Agatha Christie’s Secret Notebooks – John Curran

A theme seems to be occurring when it comes to my reading habits. I always say that I am not the biggest fan of non fiction and then I read one each year and it completely takes my breath away (well almost) with its brilliance and soon becomes on of my favourites if not my favourite book of the year. This happened last year with ‘The Mitford’s: Letters Between Six Sisters’ by Charlotte Mosley, I utterly adored it couldn’t put it down and yet at the same time didn’t want it to end. This has happened again this year with ‘Agatha Christie’s Secret Notebooks’ by John Curran.

I heard about Agatha Christie’s Secret Notebooks on one of the many book podcasts that I download each week. These notebooks were a recent discovery when Christie’s family allowed Greenway, Christie’s holiday home, to be taken over by the National Trust.
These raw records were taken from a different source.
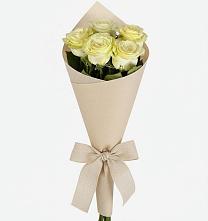 Букет цветов из:  Розы в Выборге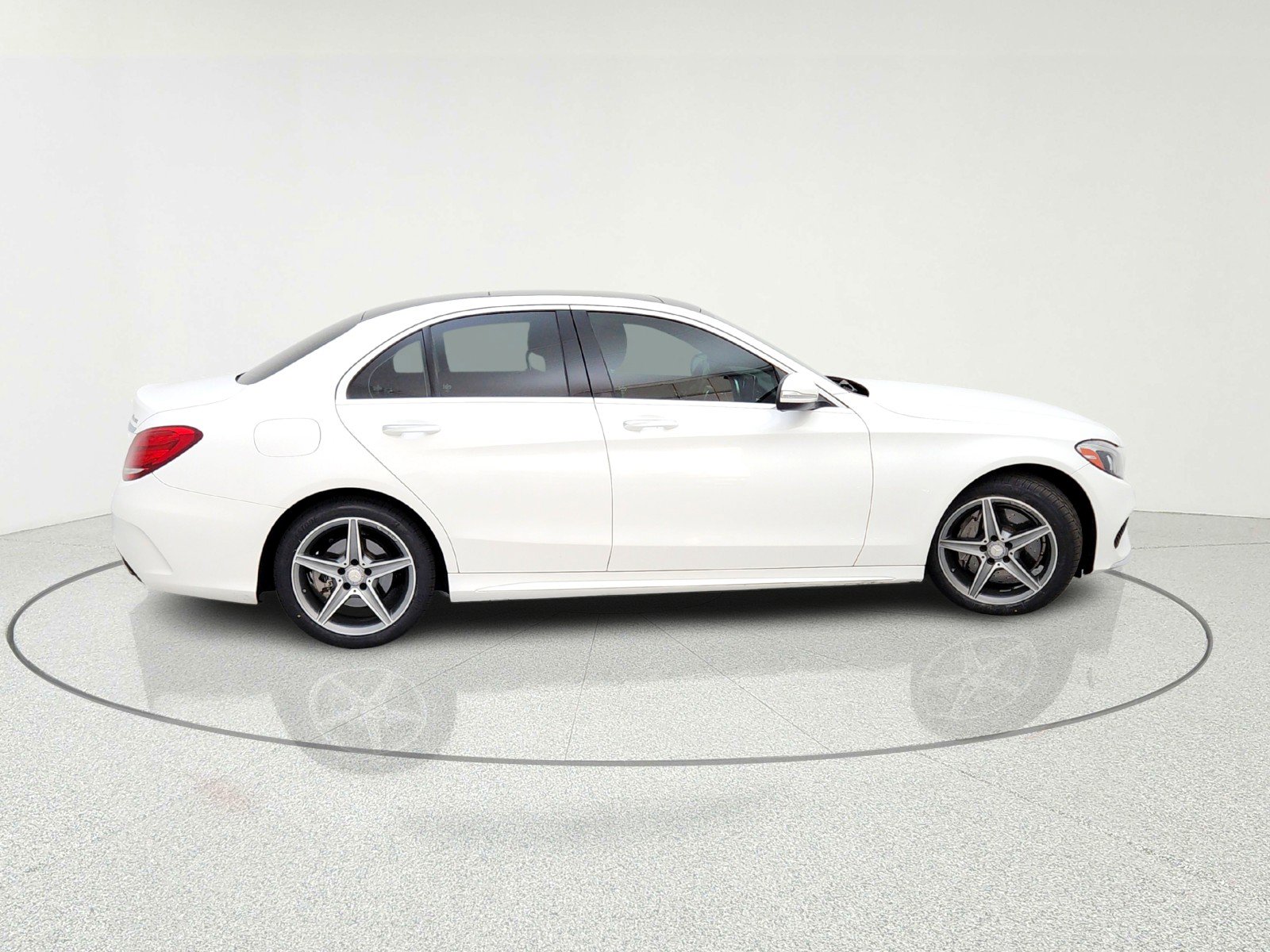 Used 2015 Mercedes-Benz C 300 4MATIC Sedan image 7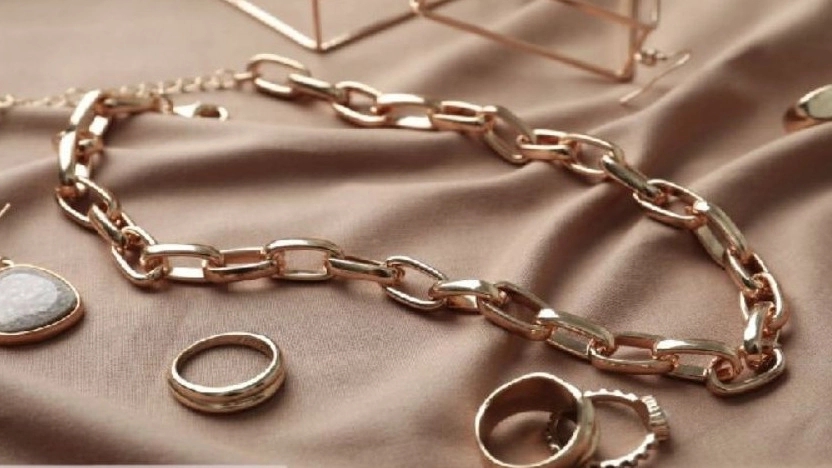 Introducing all kinds of accessories in Rasht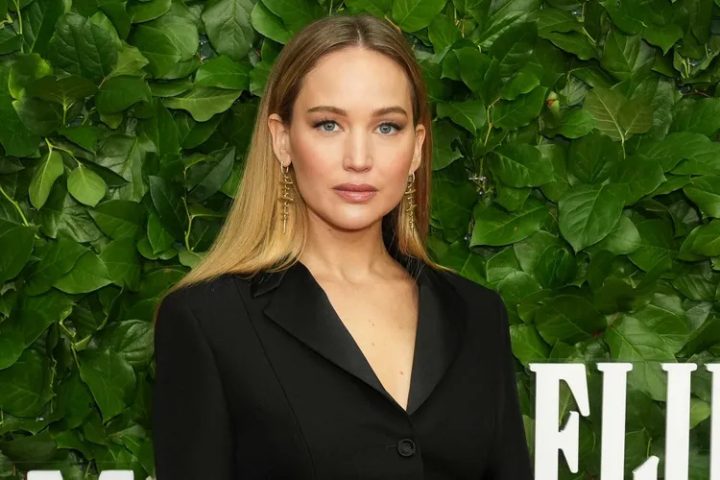 初代CP迎来回归！詹妮弗·劳伦斯携手乔什·哈切森客串出演新一部《饥饿游戏》新作 -1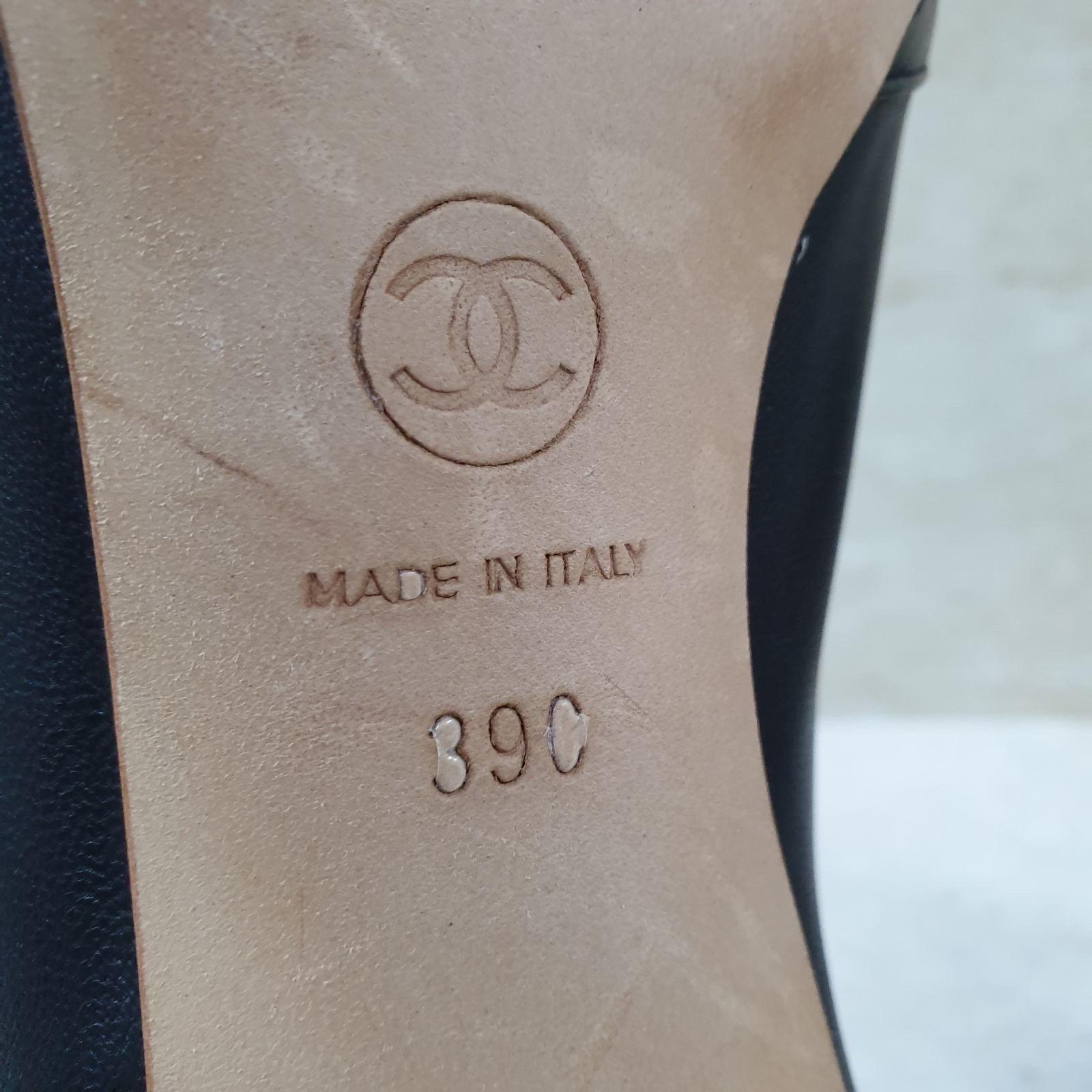 Stivaletti con punta aperta con perle di Chanel 1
They had never been on display, they were a mix up of several plots, daily to do’s, shopping lists, character ideas, lists of books (made me love Agatha even more) she wanted and other thoughts with no chronological order. That is where John Curran, an Agatha expert and friend of Christie’s grandson, came in and this book is the results of four years work trying to decipher some of Christie’s handwriting “often like short hand” and working out what notes related to what books and when.

The discoveries are really very interesting. It seems that Curran’s (and probably most readers of her work) image of Agatha sat endlessly typing murder after murder, book after book with the killer planned at the start isn’t quite so. In fact as you get to read her notes, which John has painstakingly transcribed, you find she would often chop and change the killer as she went. The idea for a book might ruminate for years and start from a simple observation as ‘a stamp’ the notes then look at how such an everyday item could cause someone to commit murder. Who knew that a certain famous Poirot scene was originally meant for Miss Marple? Which books didn’t have the endings you and I might have read? Which short stories then with new characters and a subtle plot twist or motive change became a play or a novel? You can find all these things out and much, much more.

The book isn’t just John’s transcriptions, there are some wonderful pictures (as you can see above)  of the notes she had written with crossings out (which actually meant she had used the notes not that they were rubbish. This book isn’t just about her notebooks, though naturally they are predominantly the subject of the book. He also interweaves her personal life from making hair appointments to having her grandchildren to say and being part of ‘The Detection Club’ a group of the finest detective fiction writers with a secret initiation ceremony. Her disappearance isn’t much mentioned but this is more about the process behind the books and what went on in Agatha’s head.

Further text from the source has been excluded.